A Certain Body Heat

He Lit a Fire with Icicles

For W.G. Sebald, 1944-2001

This was the work
of St. Sebolt, one
of his miracles:
he lit a fire with
icicles. He struck
them like a steel
to flint, did St.
Sebolt. It
makes sense
only at a certain
body heat. How
cold he had
to get to learn
that ice would
burn. How cold
he had to stay.
When he could
feel his feet
he had to
back away.

–Kay Ryan

One of my favorite Far Side cartoons features a back woods, slouchy guy lazying in front of a ramshackle rundown shack. The place of business sign above his head reads: HUBCAPS AND CROISSANTS.

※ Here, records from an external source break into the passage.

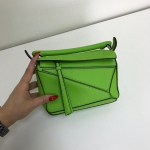 Сумка женская Loewe Артикул LUX-11181. Вид 3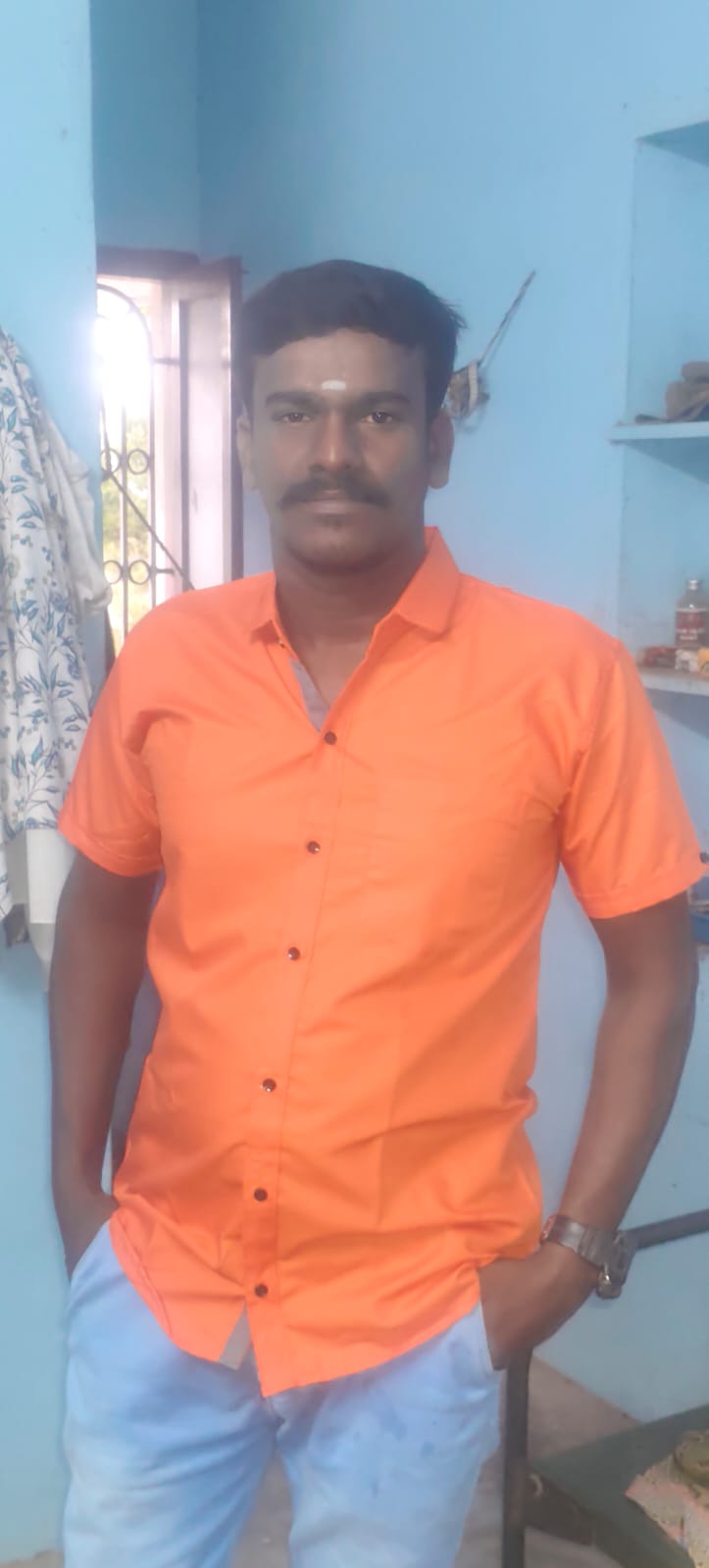 Groom Image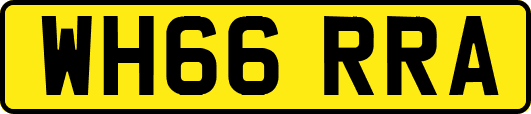 WH66RRA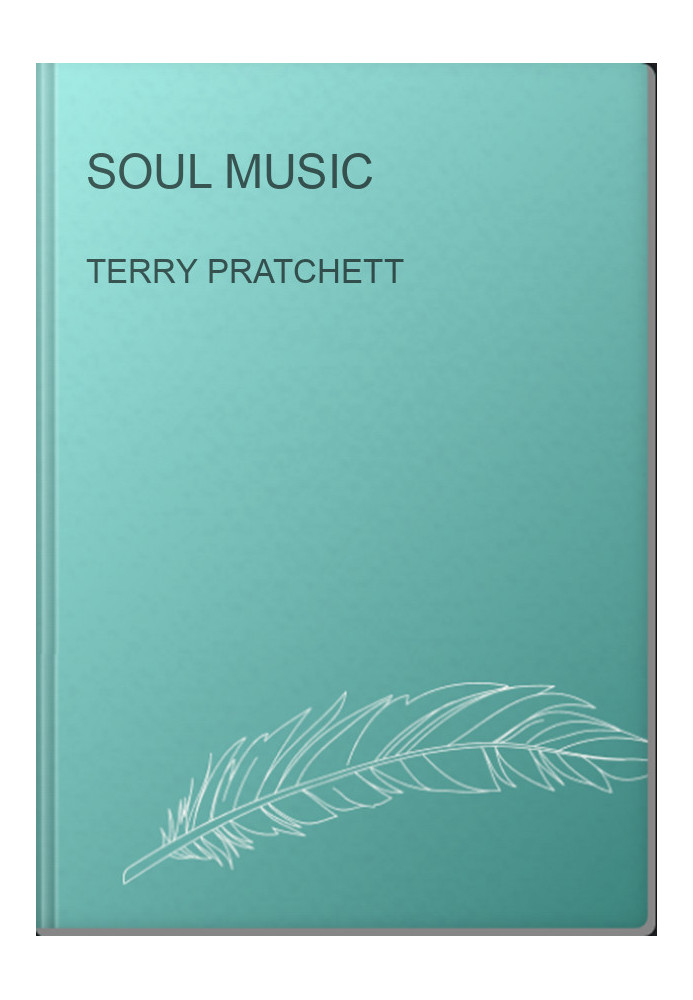 Soul Music
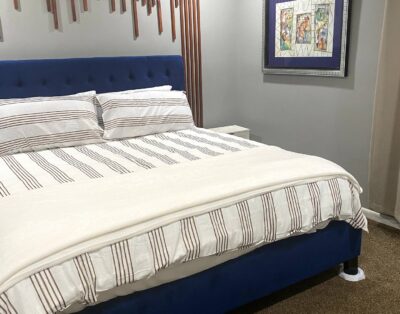 Charming & Comfy Close to UAB & Downtown 1-1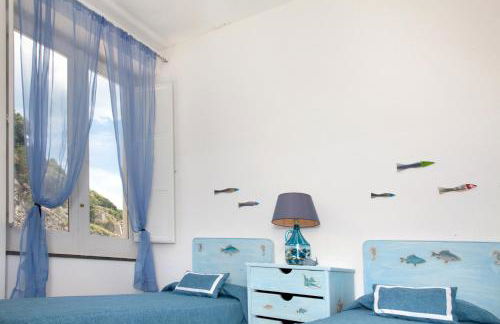 Brasca Amalfi Rosa Canina - Foto 13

Sometimes pairings are exciting because they are unlikely. But then there are those pairings that, as soon as they appear, make complete sense. It is intuitively obvious. That’s the way I feel about two writers whose works I love—Poet Kay Ryan and German novelist/memoirist/mystic, W. G. Sebald.

In a recent profile of Kay Ryan written by Adam Kirsch in the New Yorker called “Think Small: America’s quiet poet laureate”, Kirsch comments that on the surface these two writers do not have a lot in common. But as Kirsch points out, “Sebald wrote a book called ‘The Rings of Saturn’, and Ryan is another disciple of the god of melancholy; Sebald was obsessed with transience and decay, and Ryan can never stop noticing what she calls, in ‘Slant,’ ‘a bias cut to everything,/a certain cant/it’s better not to name.'” So writing this elegy for Sebald about an incident in the life of St. Sebolt, the writer’s namesake, is memorable and timbre-perfect.

As a further comment on Ryan’s work, Kirsch identifies where she lives on our cultural poetic continuum:

In American poetry, the contest between glut and starvation is inevitably epitomized by Whitman and Dickinson. Between these two tutelary spiritis, Ryan would of course choose Dickinson, and the resemblances between them have been made much of by critics. This is natural enough—after all, Ryan, too, writes brief, compressed lyrics, and has been a kind of outsider to the literary world.

But of course. As always, I am drawn to the quiet ones, the outsiders, the understated. And my interest in Ryan’s work is even more alive after reading Kirsch’s excellent piece.

Note: You can hear Kay Ryan read her poem at Poetry Archive.

4 Replies to “A Certain Body Heat”

  1. Nice. Another poet I have never heard of– and now must read.

  2. I read the New Yorker profile of Ryan, too, which I enjoyed very much.

    Have you seen the interview Dana Gioia did with her?
    http://www.aspeninstitute.org/video/interview-us-poet-laureate-kay-ryan

    She describes being Poet Laureate as “perfectly alien”. She also says that poetry gives her “access” to her mind, in a way that nothing else can or does. She adds, “When I’m writing, I’m someplace else.”

    “Something in the very machinery of writing. . . of manipulating language as actively as one can. . . can get the writer to a knowledge that otherwise is entirely unavailable. . . .”

    Well, she says so much more I like.

    I love how down to earth and honest and articulate she is.

  3. Just discovered your wonderful blog. I share your deep appreciation of the world and art and look forward to discovering like-minded authors through your writing.

  4. Thanks all for the valuable comments. M, thank you for that link. And the highlights from her interview add so much to this post. Roz, please do come back. Sounds like you are like minded.